I walked out of the meeting trying to reassess why the comment made me uncomfortable. As with many criticisms I have received, my initial reaction was to never take things personally and check myself. I was reminded of working days and nights, and sometimes weekends, and I could not remember if there was a time that I didn’t think of my research, which sometimes sent me whipping out my Moleskine out of nowhere to jot down random notes. The only thing which I hadn’t done much last year, and to be honest only having found the courage to start significantly this year — is writing. And I think of academia (in fact, other industries as well) measure one’s success less by progress and quality and more by one standardised yardstick, which is often output/writing/research and the quantity of them. I think of how many times my university colleagues were complaining of their papers being rejected multiple times, as their motivations wane.

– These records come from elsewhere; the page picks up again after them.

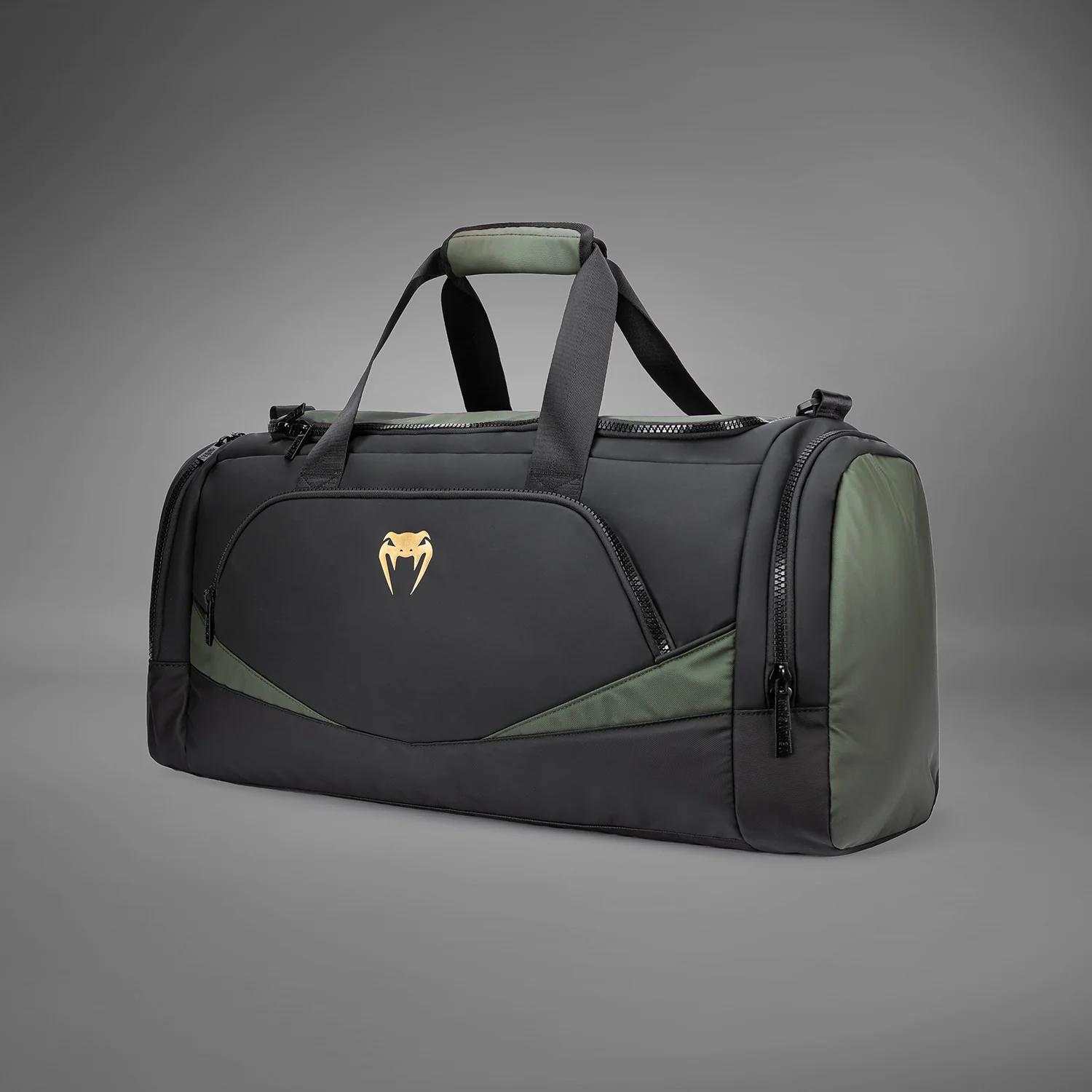 Venum Evo 2 Trainer Lite Duffle Bag - Black/Khaki - Image 6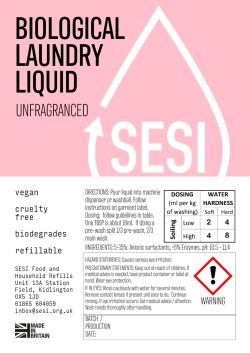 SESI Biological Laundry Liquid Unfragranced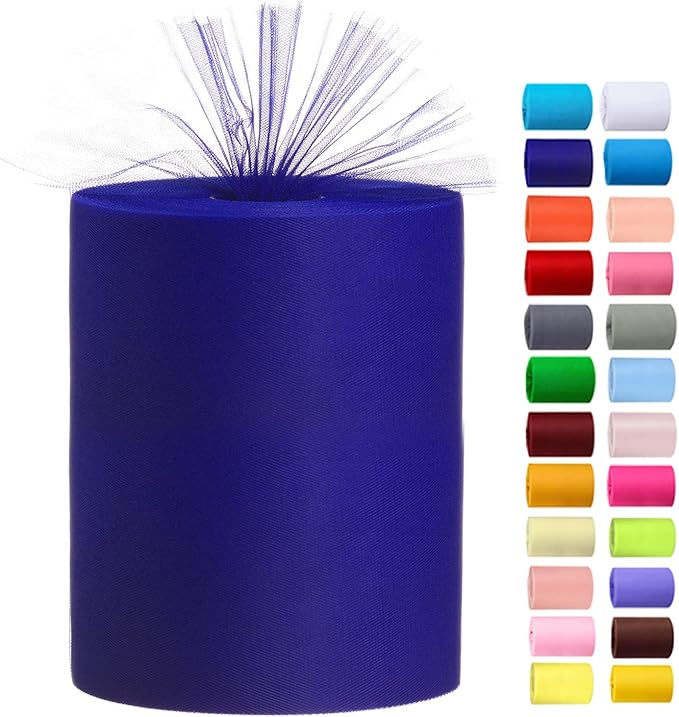 Tulle Rolls 6” by 100 Yards Tulle Roll Spool Fabric by Miegecha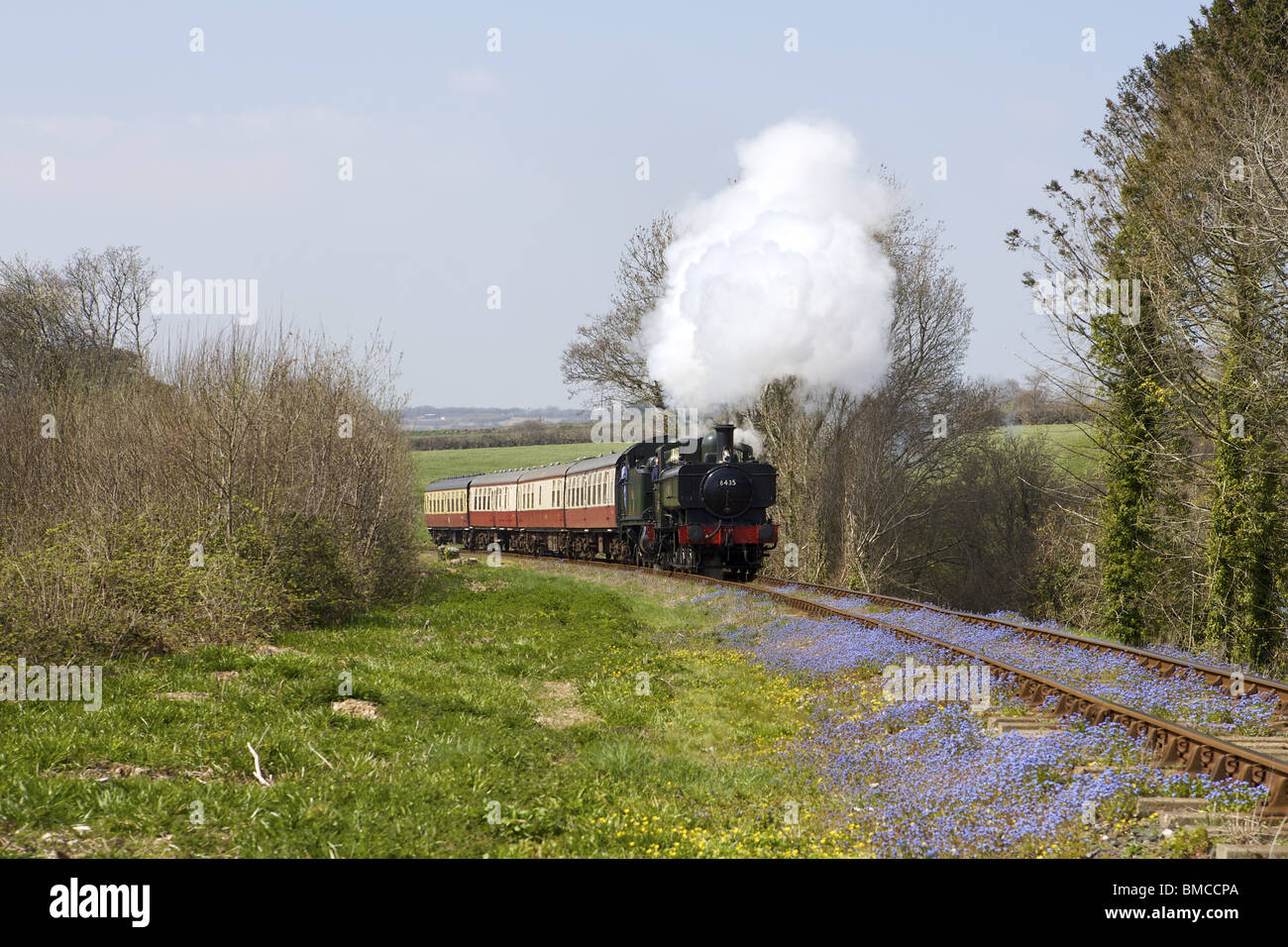 Bodmin und Wenford Dampfeisenbahn Stockfoto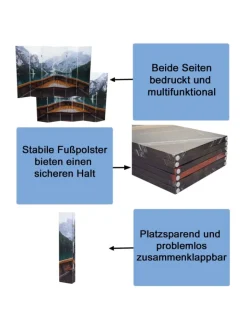MCW Paravents<Foto-Paravent A83, 180x244cm Boot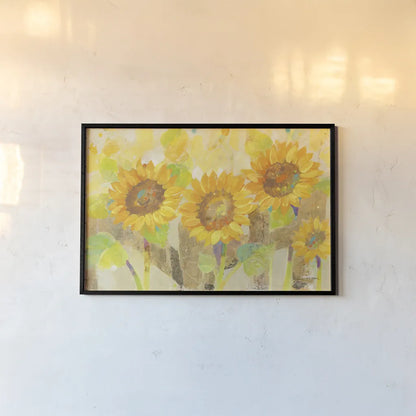 Turn to the Sun by Albena Hristova. shown as a paper print in a black flame. Available as a archival giclee rolled canvas, fine art paper, or poster print. SKU 23495i.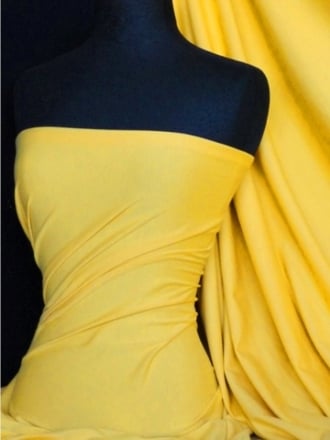 Cotton Lycra Jersey 4 Way Stretch Fabric - Yellow Q35 YL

Walt Whitman, in Leaves of Grass wrote that criticism could be stronger than praise:
Have you learn’d lessons only of those who admired you and were tender with you? and stood aside for you?
Have you not learn’d great lessons from those who reject you, and brace themselves against you? or who treat you with contempt, or dispute the passage with you?
Besides, artist, human rights activist, and authority-provocateur Ai Weiwei also had been saying:
Criticism and finding trouble is, in the Chinese context, a positive, creative act.
As I sat down and contemplated this, I learned that I should not dismiss criticism entirely and take it something I can learn, and probably take it as a challenge? My advisor’s challenge to me is to finish the thesis this year, which has been in my plan already — and one that I am ready to embark on.